An exact reproduction of the data below is expected, free of images.

━━ SUPPLIED MATERIAL ━━

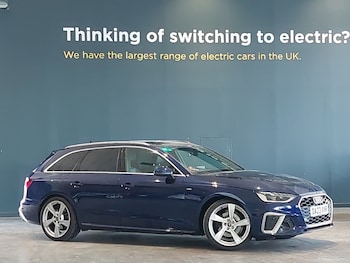 Used Audi A4 2023 for sale - 79382148: Photo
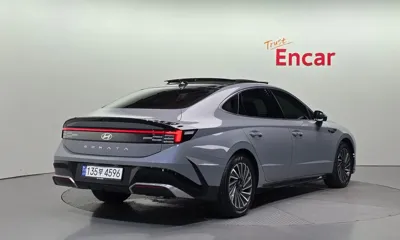 Hyundai Sonata 2024, 27033 км, за 30200000 KRW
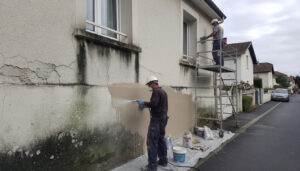découvrez les causes cachées de l'humidité sur les façades au plessis-trévise et pourquoi un ravalement de façade est la solution efficace pour protéger votre maison durablement.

━━━

#### FINAL ANSWER
 Used Audi A4 2023 for sale - 79382148: Photo
 Hyundai Sonata 2024, 27033 км, за 30200000 KRW
découvrez les causes cachées de l'humidité sur les façades au plessis-trévise et pourquoi un ravalement de façade est la solution efficace pour protéger votre maison durablement.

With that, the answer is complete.